Another responds with, “I wish the leaders I worked under had half your attitude. I might still be in teaching.”
But as former school principal Dr Paul Kidson warns, the popular post raises a “hot, burning issue” facing many Australian school leaders – namely, a seemingly growing number of hostile parents who are intent on seeking out ‘justice’ for their poorly behaved and/or disengaged child.
“The idea that you are in partnership with some families just ends up being such a constrained sense of reality,” the school leadership expert and researcher at ACU tells EducationHQ.
“… we talk about the 10-90 per cent rule: 10 per cent of people give you 90 per cent of the problems.
“And it’s unfortunate that the impact of so many of these come from a very small number [who are] often vociferous, and reluctant to agree that their child has any responsibility in any particular circumstance.”

Former school principal Dr Paul Kidson now works and engages with hundreds of school leaders and says the Reddit post very much reflects a growing concern on the ground.
Kidson says he’s heard some shocking stories from some principals on this front.
“Who, literally until [the principal has] said, “I can produce CCTV video footage of your child’s behaviour”, will some parents back down.
“And that speaks to an unwillingness for some families to be in partnership with the school – that is the most fundamental building block of a positive learning community.”
The latest Australian Principal Occupational Health, Safety and Wellbeing Survey, released in March, offered a worrying insight into the state of school leaders’ working conditions and mental health.
Compiled by ACU’s Institute for Positive Psychology and Education, the report argues that it remains unacceptable that too many school leaders are subject to behaviours – including from parents – that are rightly not tolerated in any other professional workplace.
Kidson, a lead researcher for the national study, says despite all schools having very clear codes of conduct for student behaviour and ‘unambiguous’ consequences when these are breached, a small cohort of parents simply take the view that the rules don’t apply to them.
These parents can often try to twist the focus onto the behaviour of other students when incidents arise, he flags.
“Unfortunately, a number of families will just say, ‘well, the way that those rules apply are not applicable in this case to my child, for my circumstance’.

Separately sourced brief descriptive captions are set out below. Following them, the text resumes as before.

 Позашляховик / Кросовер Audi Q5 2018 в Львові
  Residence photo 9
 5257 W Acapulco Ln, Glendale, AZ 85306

“I could give you any number of personal anecdotes from when I’ve been dealing with parents and they have said, ‘you tell me what is happening to the other child’.
“And I’ve said, ‘well, I won’t do that because there’s a dignity and there’s a confidentiality about that, in the same way that I won’t tell the other family about the conversation that you and I are having now’.”
School leaders are now more than ever intent on supporting their teachers in situations where parents criticise and/or blame the school for their child’s poor behaviour, the expert suggests.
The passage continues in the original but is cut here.